He nodded and asked, “You want to double-team him?”
“I do. Problem is, between us girls, I’m on a flight to Rome tonight. I’m hoping it’s a real quick turnaround and that I’m back here as early as tomorrow afternoon.”
He looked at me incredulously. “You’re going to Rome?” Then he repeated himself, this time less a question than an assertion. “You’re going to Rome. I wonder if you could go to Rome if you were, say, bleeding profusely from your fat skull?”

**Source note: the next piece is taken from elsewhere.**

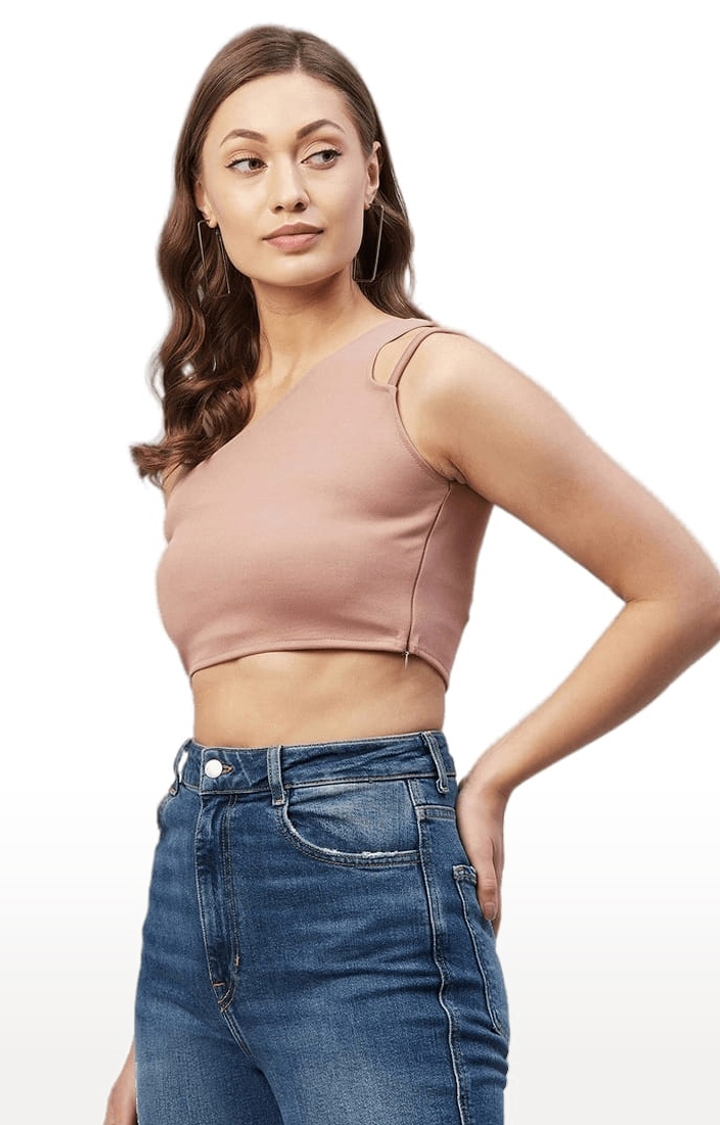 Women's Pink Polyester Solid Crop Top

Interesting question, though not one that I currently had the time to ponder. Before I could respond, he asked, “Why?”
The problem with an answer is that it might prove to be little more than currency for Vinny Mongillo to trade upon with someone else. Like I said, he’s a shark, constantly in search of what else is there, always about to make the kill, and sometimes, even with the best of intentions, he can’t help himself.
So I shook my head and said, “I’ll tell you when I get back.”
“You’ll tell me right now or I’ll bitch slap you until you’re on your knees crying from a pain that you can’t really feel.”
How postmodern of him. I looked at those needy eyes and that wonderfully puffy face that I loved so much and decided not to withhold, not now, not with him gone from the newsroom in a couple of weeks’ time. I said, “This can go absolutely nowhere, and I really mean that.” I stared him hard in the eye and he stared back at me.
“It will go absolutely nowhere,” he said, “just like your career.”
Isn’t that the truth? So I told him about the shooting in Copley Square after I left him at lunch the day before, and Maggie Kane’s flight to Italy, her phone call to me, my belief that she probably talked to her sister before the murder, and that she had something vital to add.
“Good luck,” he said somberly. “Get the story, drink the Chianti, and feast on the spring lamb. God, are Roman women beautiful. They all look like me, only a little thinner and more fashionable.”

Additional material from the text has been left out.